As children, he and his brother had dreamed of working with large, dangerous animals, staging mock battles in which they saved all of Edinburgh from such terrors as giant spiders, vampire bats and feathered serpents. They’d upset their mother and disgruntled their father who wished them both to become staid, upstanding members of society. Bankers like him.
But John had become a gamekeeper for a wealthy gentleman, and Luke had taken a government position in hopes that the Crown held close secrets about far more exotic creatures than might be found on a wealthy gentleman’s estate. He hadn’t been disappointed.
With no living species existing on the British Isles, there was debate among the cryptozoology community as to the very existence of dragons. Nonetheless, news of sightings from far-flung corners of the globe generated much excitement and speculation as to their origins. Were they an emerging species—like the kraken—or merely rare, a breed hunted to
the brink of extinction, surviving only by retreating into distant and harsh environments where humans rarely wandered? Regardless, most considered dragons mythological. He himself had firsthand knowledge of only one species, but if all were hunted with the tenacity of those in the Ural Mountains, they might well remain so. He couldn’t protect them all, but he would do anything he could to ensure the continuation of this particular species.

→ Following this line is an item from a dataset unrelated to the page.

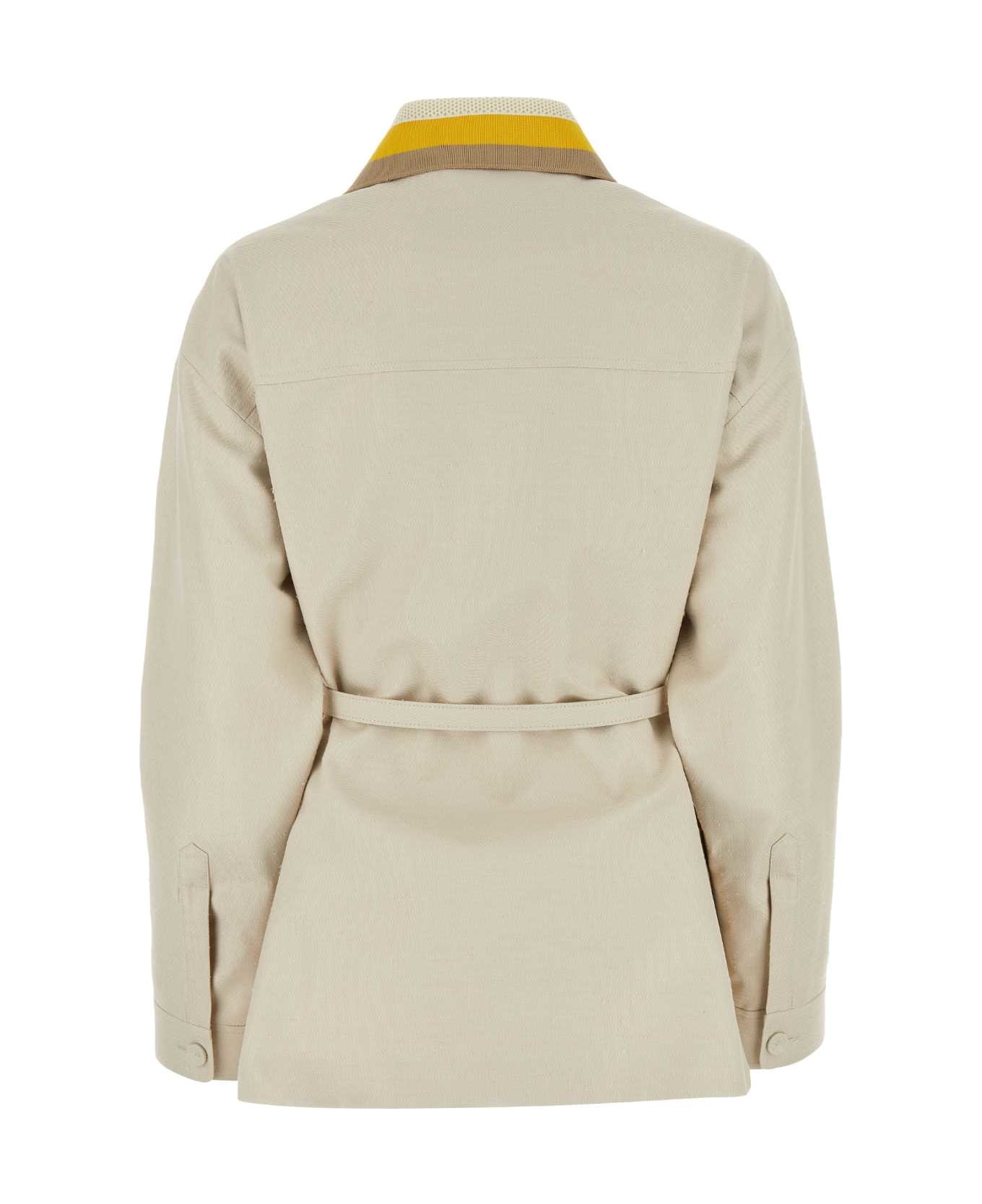 Fendi Ivory Canvas Jacket - LINEN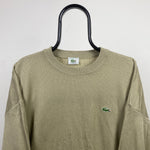 Retro Lacoste Knit Sweatshirt Brown XL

“You’ve grown so beautiful in my absence, Zia.” He skimmed a hand over her scarlet dorsal crest scales. Their sheen had intensified since he left. An indication of sexual maturity? He considered the eggs nestled in their heap of smooth river rocks and assorted treasures. Or perhaps motherhood? He’d missed the opportunity to observe the changes, though perhaps he was better off for not having witnessed Kinross’s death. Luke suspected the enormous intake of protein and nutrients was responsible for triggering parthenogenesis. A curious thought to tuck away for future contemplation. “I’ll do my best to make this quick and as painless as possible.” He lifted her tail, tapping his fingers along its underside, accustoming her to his touch. Zia closed her eyes, enjoying the attention.
Natalia sat beside him and pressed a bottle of ethyl alcohol into his hand along with a ball of cotton. Her forehead wrinkled. “The tail?”
“The ventral coccygeal vein,” he answered, swabbing scales with the disinfectant as his heart rate jumped. “Easiest place to draw blood. She didn’t object the last time I drew blood to check her sulfur levels, but if you’ll hold her snout—a precaution in the event she decides to snap at us for such an insult?”
“A tiny prick, lapochka,” Natalia crooned to the dragon, carefully wrapping her hands around the dragon’s snout. She met his eyes briefly, nodding her encouragement. “For Luke.”